According to the report, a new regulatory approach could allow the Agency to:
- Keep pace with rapid technological advances in the medical device field by using information from various stages of the product life cycle to provide assurances of device safety and effectiveness to the public;
- Streamline device review by objectively and continually appraising an organization’s ability to produce safe and effective medical device technologies;
- Utilize ongoing key performance indicators and real-world performance metrics to enable timely and targeted actions to resolve and prevent issues and increase regulatory compliance; and
- Develop regulatory decision support tools to communicate FDA policies and guidance, provide frameworks for organization appraisals, and communicate device performance by manufacturers to advance safe and effective use of devices.
In the report, FDA also recognizes that it would be necessary to clearly define in advance the elements to be evaluated during an appraisal. This should result in more consistent appraisal results and allow manufacturers to self-assess how they align with such elements.
FDA seeks federal legislative action to develop a “flexible, risk-based approach to regulation” that allows the Agency to efficiently tailor regulatory requirements for medical technology software devices based on: (i) the latest science, (ii) the benefits and risks posed by devices, (iii) real-world performance, and (iv) contribution to promoting health equity.
Additionally, it is noteworthy that the FDA report discusses that new federal legislative action need not replace existing medical device regulation but could instead supplement it. The report acknowledges that any new regulatory framework should foster, not inhibit, innovation and should also continue to provide a reasonable assurance of safety and effectiveness to health care providers, patients, and users. Timing of any potential federal legislative action is highly uncertain and unlikely until next year at the earliest.
Nelson Mullins continues to closely monitor developments related to FDA’s regulation of medical device software. For questions or assistance, please contact our experienced team of FDA regulatory law practitioners.
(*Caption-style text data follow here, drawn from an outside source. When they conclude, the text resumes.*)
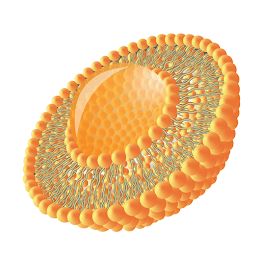 Liposomal GSH For Antioxidant Support liposome structure for enhanced nutrient absorption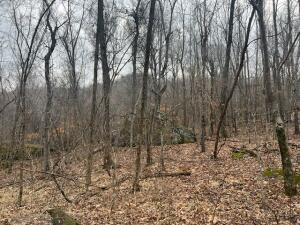 Image 14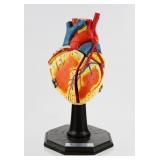 Human Heart Model Display Medical Plastics Lab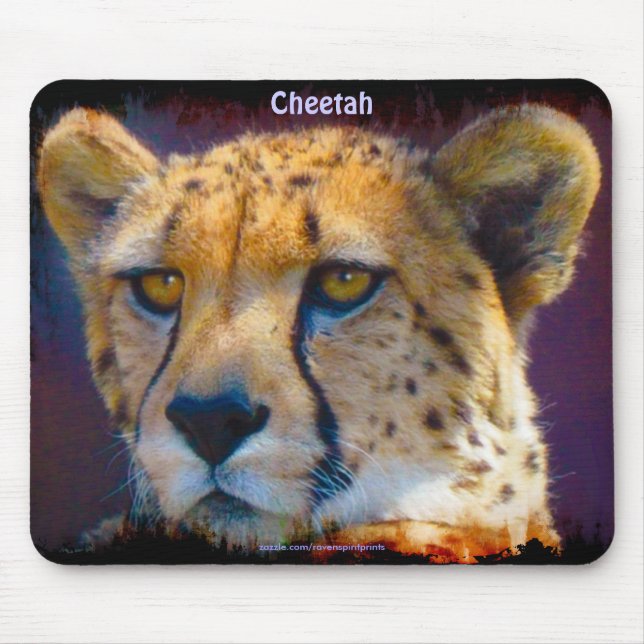 Mousepad África Selvagem Amantes de Animais Grandes Cinco (Frente)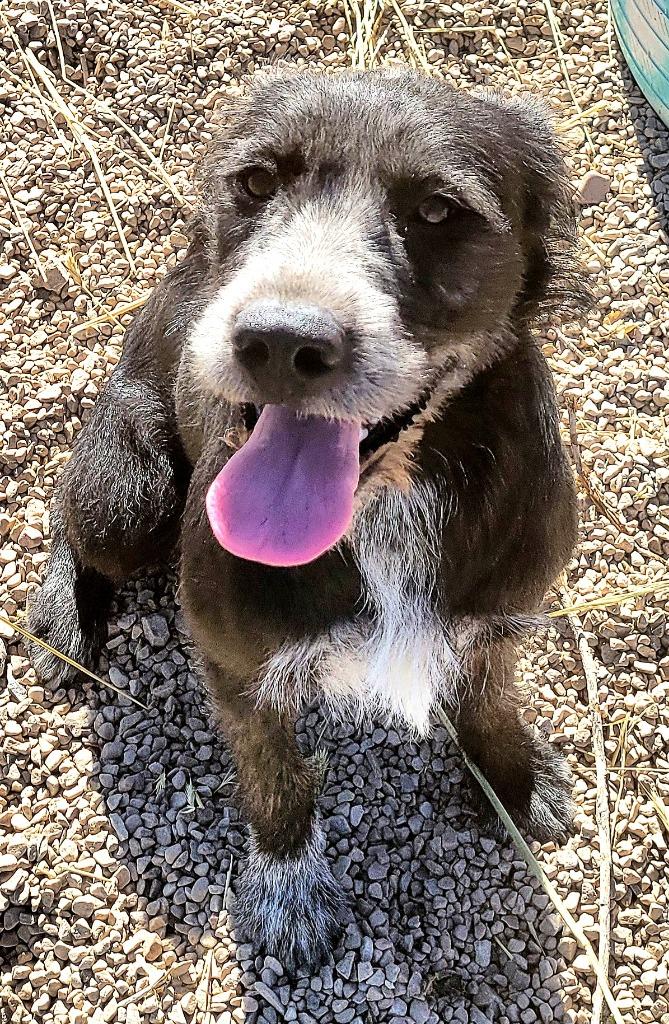 Enlarge Luna, a Adoptable mixed breed in Heber City, UT image 1/3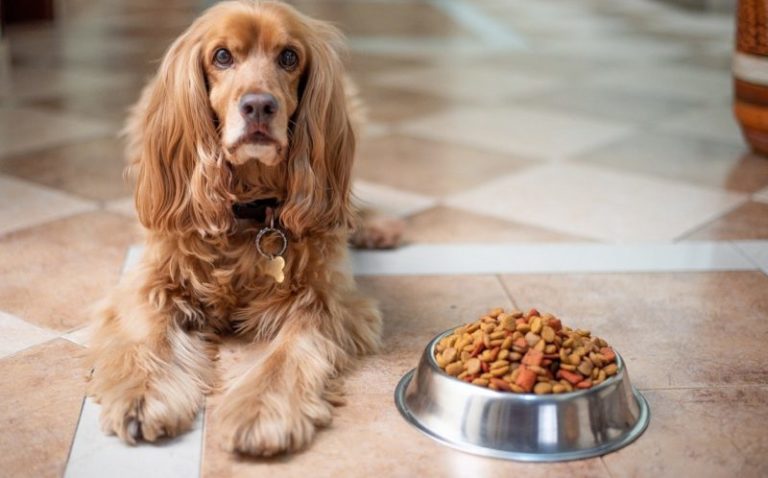 How To Fatten Up A Malnourished Dog – 6 Healthy Ways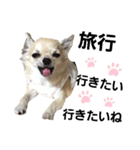 キキスタンプず5(くぅと一緒だよ)（個別スタンプ：23）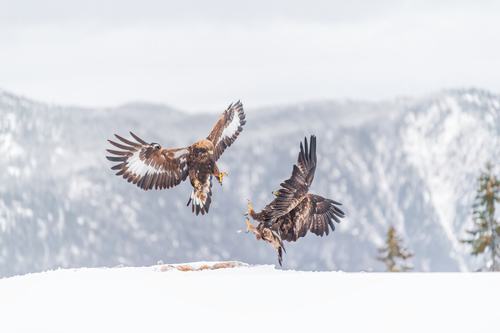 Eagle
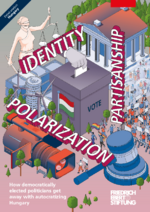 Identity, partisanship, polarization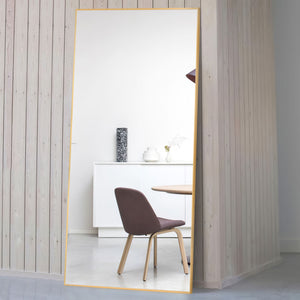 71-in H x 24-in W Metal Framed Full Length Free-standing Mirror
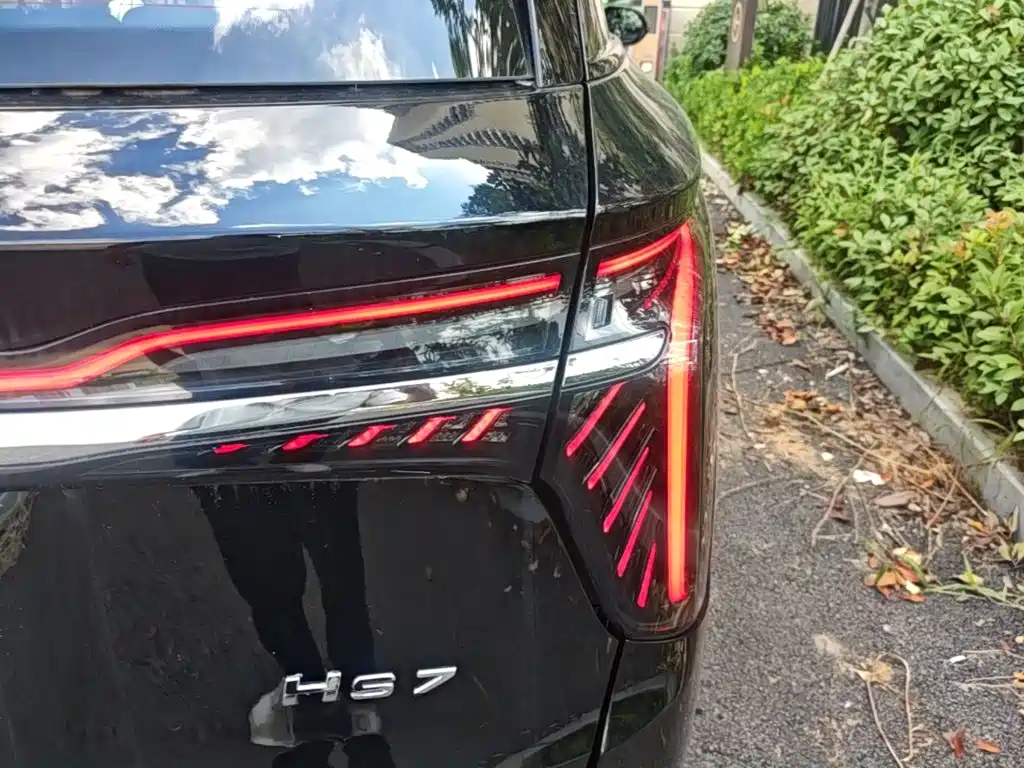 Hongqi Hongqi HS7 PHEV — миниатюра 8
Paul Clowes, Law Clerk in the Greenville office, contributed to the drafting of this post.
 See Id., at Section 6.
 The nine key performance indicator categories used in the Pilot Program that generally aligned with the Excellence Appraisal elements were: (1) Complaints, (2) Data Quality, (3) Defects, (4) Device Activations / User Adherence, (5) Regression Testing, (6) Releases, (7) Rollbacks, (8) Services, and (9) Security. FDA acknowledges in the report that if these metrics were to become a routinely-used method, these categories could be helpful to assess an organization’s capability to develop and maintain safe and effective medical device software.